We all fall in the trap of comparison wherein we inevitably compare ourselves with others.  This comparison does more harm to us than good. This does not mean we stop looking up to others. But there is a difference between learning from others and simply comparing yourself with them and then feeling, ‘Oh! Wish I was like her!’

This comparison is the main cause of inferiority complex. We compare ourselves with our neighbors, colleagues, batch mates, celebrities, siblings and with strangers too!

It happened with me several times that often while traveling I spotted fashionable women around. I looked at their dresses, their style and matching accessories and then glanced at my attire which was usually a comfy, simple dress. In the name of accessories, I generally wore a wrist watch and my make up comprised of a light color lipstick. That’s all. So each time I came across a hip girl on street, I was ready to sulk and to term myself a ‘dodo’. But this was long ago.

Over time, with some self conscious efforts and with company of some wise, supportive friends, I have overcome my inferiority complex of not being able to dress up in style. Also I realized that beauty lies in simplicity. In the process, I have learnt several lessons and am ready to share them here.

Determine your specific inferiority

It is better to be specific than generally feeling low. Narrow it down to a specific type first. Do you feel inferior to rich people, educated people, good looking people, famous people? First find out your category of inferiority. I had the weird complex with people who had a trendy, contemporary dressing style!

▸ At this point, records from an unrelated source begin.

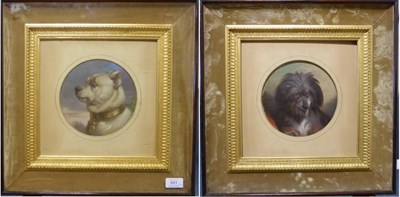 Lot 691 - Thomas Earl (fl.1836-1885)  Portrait of a terrier type  Portrait of a Bullmastiff  Signed, oil...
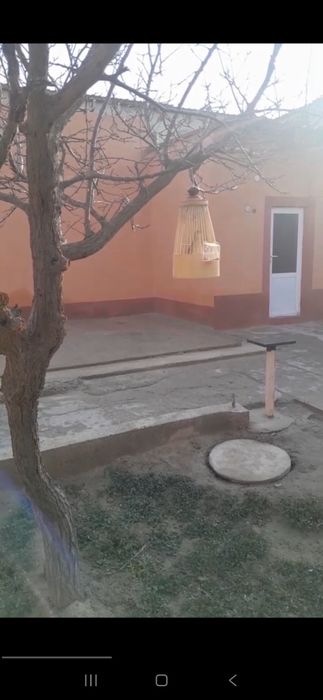 Италия бедана сотилади зоти Тоза срочно пул керак Атига 300минг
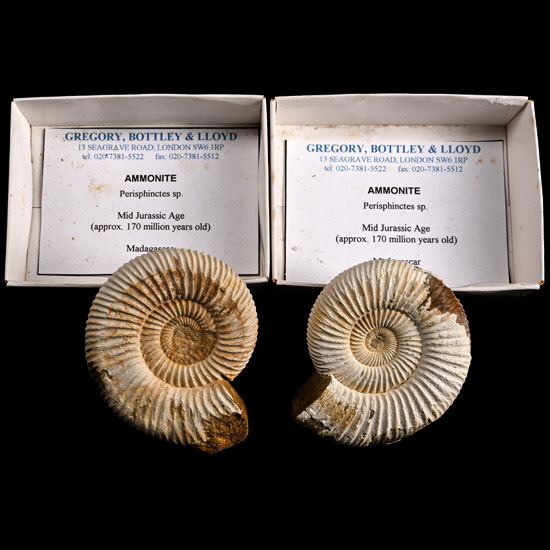 Group of Two [2] Boxed Madagascan Perisphinctid Fossil Ammonites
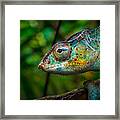 Chameleon On Tree Framed Print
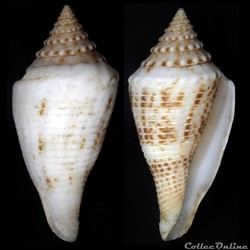 Fusiconus (Bathyconus) elokismenos (Kilburn, 1975)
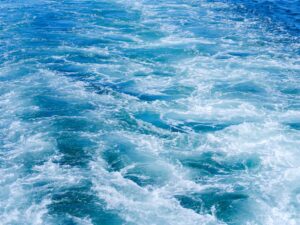 Directional Dynamics of Fog: Irreversibility and Causal Coupling with Turbulence – ESS Open Archive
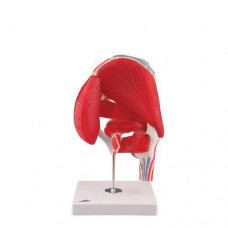 3B SMART ANATOMY HUMAN HIP JOINT MODEL WITH REMOVABLE MUSCLES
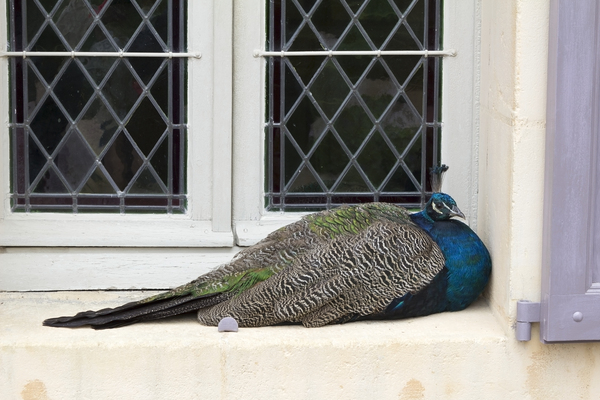 Peacock at rest
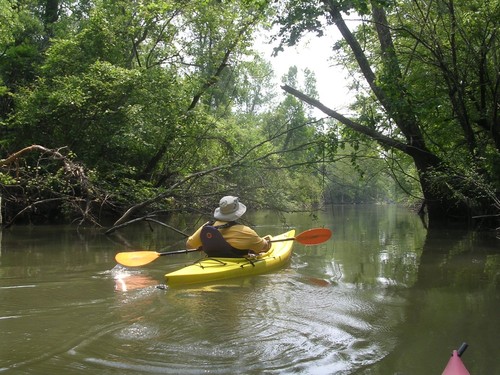 Chicken Creek (Credit: Berkeley County Blueways)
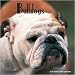   - English Bulldogs Magnum Wall 2008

Once you are done with finding your category, lean it further with names. List down the names of people. I felt inferior with particularly two friends of mine. So come up with the names. Once you have the names, you need to know why you feel inferior to them. Do they make you feel low? If yes, dump them right now and move on. If no, then ask yourself ‘who says I am not as good as that Xyz’? You have the answer and that is the solution.

Your Thinking Matters

Eleanor Roosevelt said, ‘no one can make you feel inferior without your permission’ and she said it so right. It is us who feel inferior and if we change our thinking, every thing about us changes.

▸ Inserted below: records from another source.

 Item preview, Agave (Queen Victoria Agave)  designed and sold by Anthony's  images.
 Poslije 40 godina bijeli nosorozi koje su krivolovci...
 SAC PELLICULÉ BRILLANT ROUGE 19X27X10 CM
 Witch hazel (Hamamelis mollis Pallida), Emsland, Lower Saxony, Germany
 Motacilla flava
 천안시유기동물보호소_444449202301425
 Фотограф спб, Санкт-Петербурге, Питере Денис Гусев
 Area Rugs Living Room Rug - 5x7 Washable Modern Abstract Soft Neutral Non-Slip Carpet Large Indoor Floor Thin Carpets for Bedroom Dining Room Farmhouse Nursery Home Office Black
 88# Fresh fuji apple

There is a difference in being inferior and feeling inferior. Being inferior is simply a game of relativity. But not everyone feels inferior.

If we lay more emphasis on what others think about us, we attract more problems in life. This is our life and only our opinion should matter. Finding faults in ourselves based on whether others find us good enough or not is not going to help anybody. It becomes dangerous when we may actually be better than others but somehow feel worse than them.

Chuck that habit of taking others’ judgements about you seriously and then feeling low.

Love Thyself

The one thumb rule for a happy life is learning to love oneself. I am totally in love myself so much so that many of my friends call me a narcissist. No doubt, earlier I was not too confident of my dressing sense but slowly, I overcame that guilt as well. And now, I love myself just the way I am.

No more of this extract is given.